THE TASK:
If a record holds a picture, leave the picture out and repeat everything else exactly.

PROVIDED DATA:
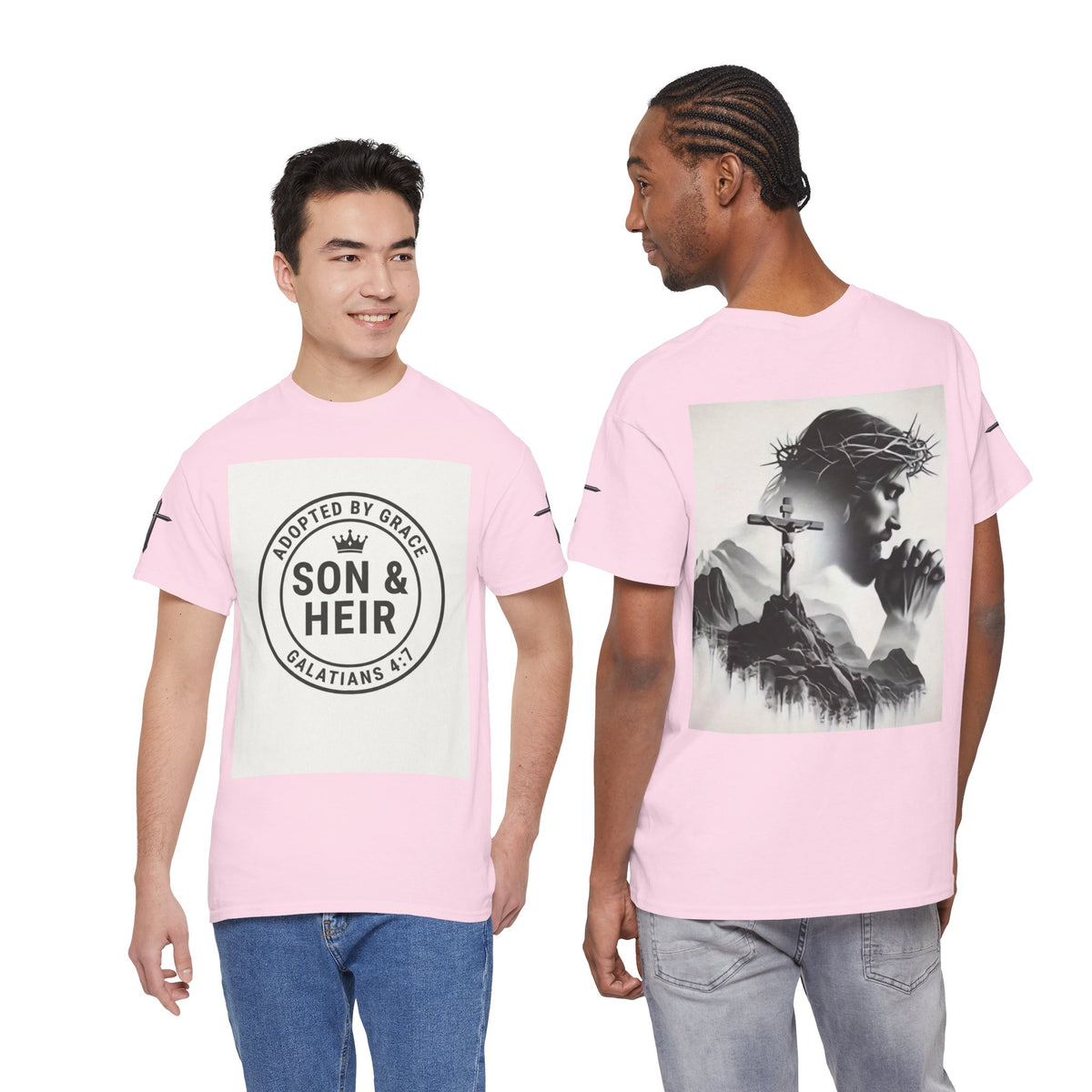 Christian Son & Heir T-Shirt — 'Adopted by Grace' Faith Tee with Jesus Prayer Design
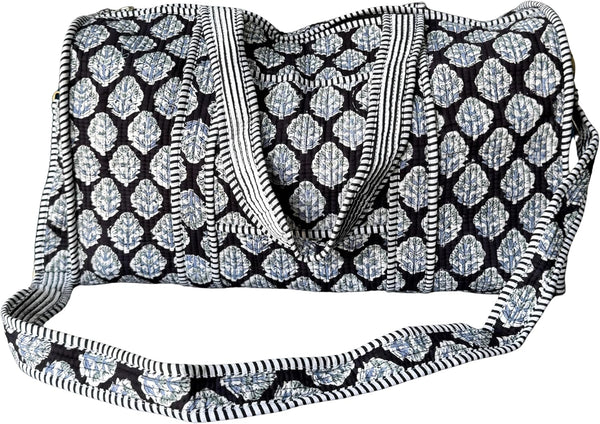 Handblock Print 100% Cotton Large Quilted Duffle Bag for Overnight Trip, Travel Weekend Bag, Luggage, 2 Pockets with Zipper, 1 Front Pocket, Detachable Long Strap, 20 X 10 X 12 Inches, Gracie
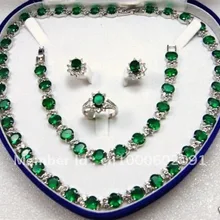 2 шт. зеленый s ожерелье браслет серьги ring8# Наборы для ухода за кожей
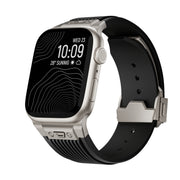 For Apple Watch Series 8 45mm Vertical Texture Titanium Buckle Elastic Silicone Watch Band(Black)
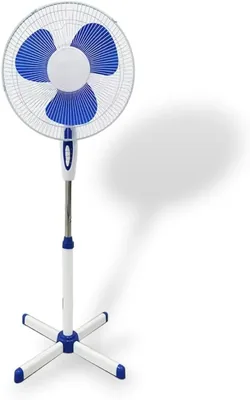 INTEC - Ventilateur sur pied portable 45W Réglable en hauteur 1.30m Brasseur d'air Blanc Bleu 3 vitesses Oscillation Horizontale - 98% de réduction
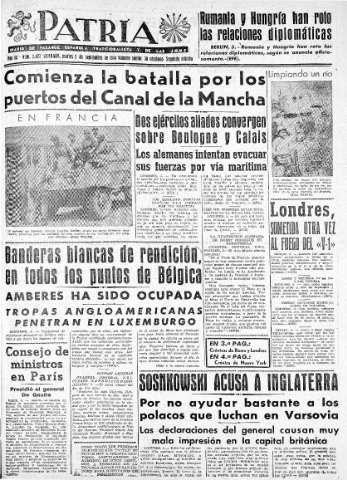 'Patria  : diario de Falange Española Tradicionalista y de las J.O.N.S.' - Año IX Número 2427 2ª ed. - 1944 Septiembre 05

ANSWER TO THIS PROBLEM:
 Christian Son & Heir T-Shirt — 'Adopted by Grace' Faith Tee with Jesus Prayer Design
 Handblock Print 100% Cotton Large Quilted Duffle Bag for Overnight Trip, Travel Weekend Bag, Luggage, 2 Pockets with Zipper, 1 Front Pocket, Detachable Long Strap, 20 X 10 X 12 Inches, Gracie
 2 шт. зеленый s ожерелье браслет серьги ring8# Наборы для ухода за кожей
 For Apple Watch Series 8 45mm Vertical Texture Titanium Buckle Elastic Silicone Watch Band(Black)
 INTEC - Ventilateur sur pied portable 45W Réglable en hauteur 1.30m Brasseur d'air Blanc Bleu 3 vitesses Oscillation Horizontale - 98% de réduction
 'Patria  : diario de Falange Española Tradicionalista y de las J.O.N.S.' - Año IX Número 2427 2ª ed. - 1944 Septiembre 05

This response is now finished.